What do you think about this extension to serde?

Add a new method called serialize_tagged_value to the Serializer trait. The method has a default implementation serializing just the value for all formats without tags.

pyfisch · 2019-10-22T08:57:26Z

@dtolnay Did you have a look at this? Do you see any problems with this approach?

rkuhn · 2019-10-24T08:46:22Z

This would be highly beneficial for us (Actyx), how can we help?

vmx · 2019-10-24T10:23:48Z

I've implemented the deserialization part based on #408: https://github.com/vmx/serde/tree/tagged-value-deserialization

I dare to cross-post my comment from pyfisch/cbor#157 (comment) in hope that this issue might have more people looking at it:

I'm not happy with the result. One missing thing is to deserialize the value (without the tag) by default. I just couldn't get it working. I always got trait bounds errors. I hope someone can help with that.

I also don't really like the Tagger. I tried several different ways. Traits with generics, traits with associated types, using a deserializer for the tag, implementing a TagAccess trait similar to the SeqAccess trait. I could none of those working. If anyone has a good idea, please let me know. Meanwhile I changed the Tagger to return an Any-type instead of having methods for each type to access it. I like it better, but I'm also open to change that to some other approach.

vmx · 2019-10-27T17:04:54Z

@dtolnay Is there any chance that tagged values become part of the Serde Data Model given the design constraints outlined at pyfisch/cbor#157 (comment) (unrelated to the implementation proposed in later comments)?

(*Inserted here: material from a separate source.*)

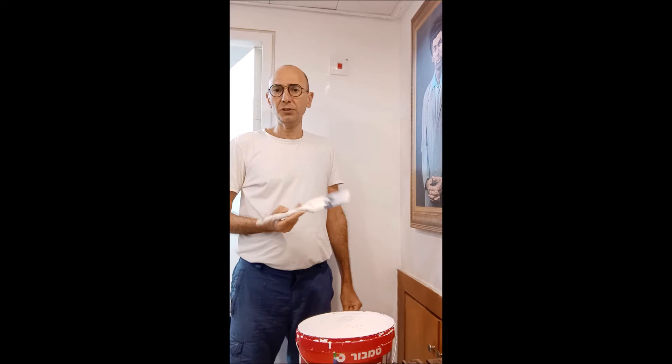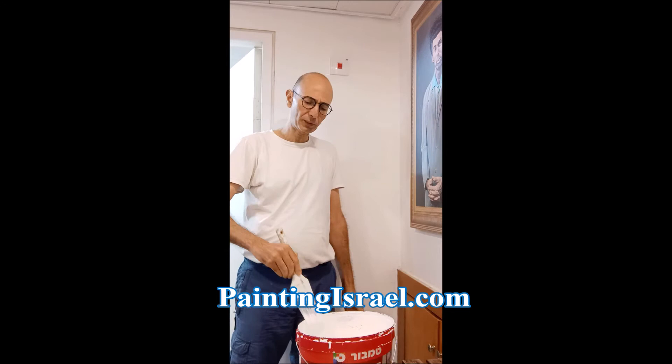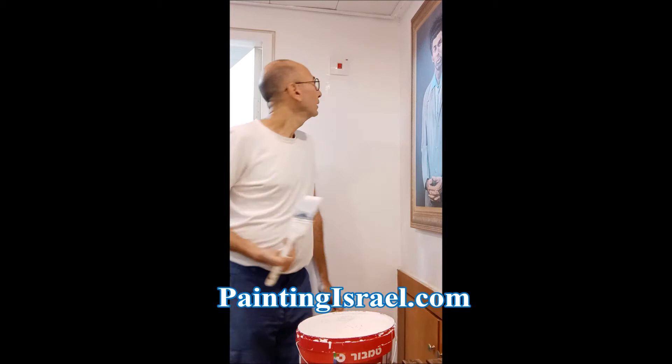Hello, my name is Ron from PaintingIsrael.com. Today I'll show you how to cut in without using tape. I have a very good brush — this is a Purdy 2.5 inches — and I'll demonstrate how to cut in without using tape.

I'm asking as only if there is a chance, it makes sense for @pyfisch and me to spend more time on this. I really need tagged values and else I would need to look into other ways solving it and I fear that I would eventually end up with a less good re-implementation of Serde.

dtolnay

Thanks for the PR! I think unfortunately introducing support for tagged values wouldn't be the right course for Serde. It isn't a goal for the data model to be a union of all the features of data formats that people care about. Rather it's a fairly selective subset that translates well across a range of formats (and maybe would be smaller if it were being redesigned today). Formats that equate naturally with the data model are a good fit for Serde. Formats where a subset can be made to fit the data model (like serde_cbor today) are still often useful for working within that subset. Beyond that, I would recommend building dedicated libraries to get full coverage of individual formats -- such as I've encouraged in the past for formats that care about element types of empty lists and maps, formats that care about preserving comments or whitespace, formats that distinguish between fields and attributes, etc.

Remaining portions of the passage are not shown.